Innovative concessions expansion a boost for low income South Australians
SACOSS’s advocacy over many years will see South Australia’s concession systems made even fairer for those who need it the most.
Human Services Minister Nat Cook today announced details of expanded concessions eligibility for South Australians living in shared rental accommodation.
From 1 January 2025, the current co-resident income assessment criteria will be scrapped, enabling eligibility for renters who have previously not been eligible due to their housemate’s income.
Under existing criteria, shared accommodation renters can lose access to the energy concession if a housemate’s income is as low as $3000, and/or the Cost-of-Living Concession, if a housemate’s income is higher than $24,000.
These latest expansions to the concessions system follow a $190m package announced in the 2024-25 state budget. More information is available via sa.gov.au/concessions, or by calling the Concessions Hotline on 1800 307 758.
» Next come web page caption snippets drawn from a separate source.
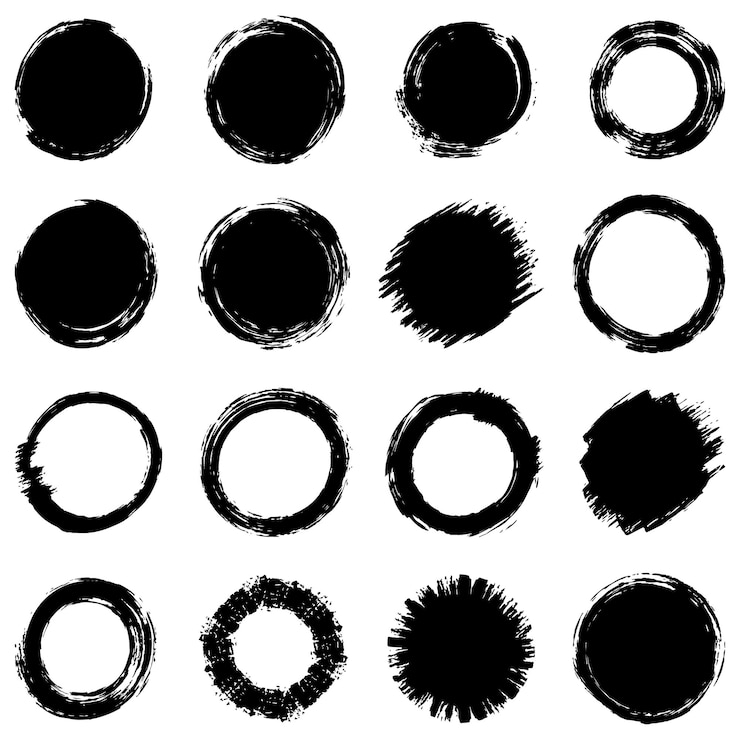 Vector formas redondas grunge negras pinceladas marcos elementos marcos para el diseño vector
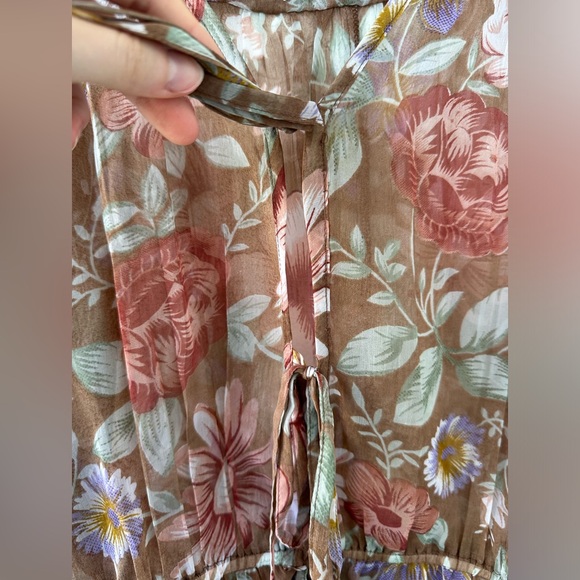 American Rag Blouse Sheer Floral Front Tie XS NWT - Picture 2 of 8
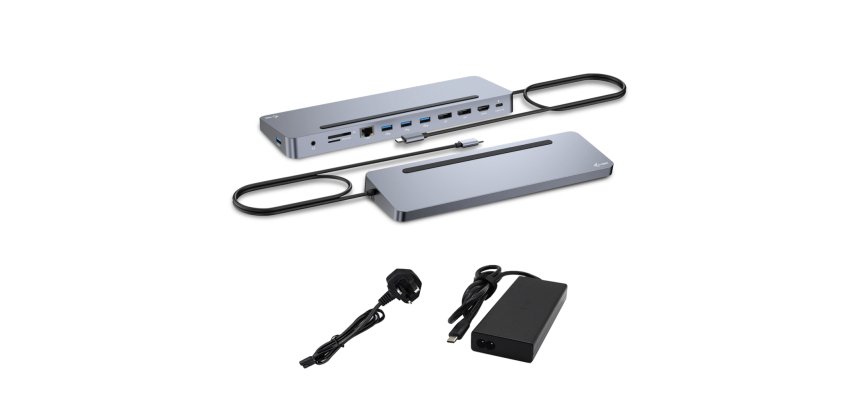 i-tec USB-C Metal Ergonomic 3x 4K Display Docking Station with Power Delivery 100 W + Universal Charger 100 W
Quotes attributable to Ross Womersley, SACOSS CEO
It is genuinely pleasing to see the Malinauskas government continue to improve our state’s concession system.
It is a system which we identified years ago was broken and in need of fixing. The then-state opposition committed to undertaking a review of the system prior to the last election, undertook a comprehensive review in 2023 when in government, and invested a significant amount towards actual concessions reform in the 2024-25 state budget.
Giving access to concessions for people living in share households was one of the important reforms we had sought especially for students and for people in other types of share households. From the 1st of January 2025 we are very pleased to see the government will be delivering on that promise.
While there are still some improvements to be made this range of improvements to our concessions system, including those announced today for those people in shared rental accommodation, are long overdue and welcome.